Dataproc#

RAPIDS can be deployed on Google Cloud Dataproc using Dask. For more details, see our detailed instructions and helper scripts.

0. Copy initialization actions to your own Cloud Storage bucket. Don’t create clusters that reference initialization actions located in gs://goog-dataproc-initialization-actions-REGION public buckets. These scripts are provided as reference implementations and are synchronized with ongoing GitHub repository changes.

It is strongly recommended that you copy the initialization scripts into your own Storage bucket to prevent unintended upgrades from upstream in the cluster:

$ REGION=<region>
$ GCS_BUCKET=<bucket_name>
$ gcloud storage buckets create gs://$GCS_BUCKET
$ gsutil cp gs://goog-dataproc-initialization-actions-${REGION}/gpu/install_gpu_driver.sh gs://$GCS_BUCKET
$ gsutil cp gs://goog-dataproc-initialization-actions-${REGION}/dask/dask.sh gs://$GCS_BUCKET
$ gsutil cp gs://goog-dataproc-initialization-actions-${REGION}/rapids/rapids.sh gs://$GCS_BUCKET

1. Create Dataproc cluster with Dask RAPIDS. Use the gcloud command to create a new cluster. Because of an Anaconda version conflict, script deployment on older images is slow, we recommend using Dask with Dataproc 2.0+.

Warning

At the time of writing Dataproc only supports RAPIDS version 23.12 and earlier with CUDA<=11.8 and Ubuntu 18.04.

Please ensure that your setup complies with this compatibility requirement. Using newer RAPIDS versions may result in unexpected behavior or errors.

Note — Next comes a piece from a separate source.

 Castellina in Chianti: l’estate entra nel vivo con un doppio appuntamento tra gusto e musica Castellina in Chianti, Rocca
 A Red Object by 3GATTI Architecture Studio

$ CLUSTER_NAME=<CLUSTER_NAME>
$ DASK_RUNTIME=yarn
$ RAPIDS_VERSION=23.12
$ CUDA_VERSION=11.8

$ gcloud dataproc clusters create $CLUSTER_NAME\
    --region $REGION\
    --image-version 2.0-ubuntu18\
    --master-machine-type n1-standard-32\
    --master-accelerator type=nvidia-tesla-t4,count=2\
    --worker-machine-type n1-standard-32\
    --worker-accelerator type=nvidia-tesla-t4,count=2\
    --initialization-actions=gs://$GCS_BUCKET/install_gpu_driver.sh,gs://$GCS_BUCKET/dask.sh,gs://$GCS_BUCKET/rapids.sh\
    --initialization-action-timeout 60m\
    --optional-components=JUPYTER\
    --metadata gpu-driver-provider=NVIDIA,dask-runtime=$DASK_RUNTIME,rapids-runtime=DASK,rapids-version=$RAPIDS_VERSION,cuda-version=$CUDA_VERSION\
    --enable-component-gateway

[GCS_BUCKET] = name of the bucket to use.
[CLUSTER_NAME] = name of the cluster.
[REGION] = name of region where cluster is to be created.
[DASK_RUNTIME] = Dask runtime could be set to either yarn or standalone.

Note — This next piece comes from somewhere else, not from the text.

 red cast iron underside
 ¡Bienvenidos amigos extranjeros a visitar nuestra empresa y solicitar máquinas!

2. Run Dask RAPIDS Workload. Once the cluster has been created, the Dask scheduler listens for workers on port 8786, and its status dashboard is on port 8787 on the Dataproc master node.

To connect to the Dask web interface, you will need to create an SSH tunnel as described in the Dataproc web interfaces documentation. You can also connect using the Dask Client Python API from a Jupyter notebook, or from a Python script or interpreter session.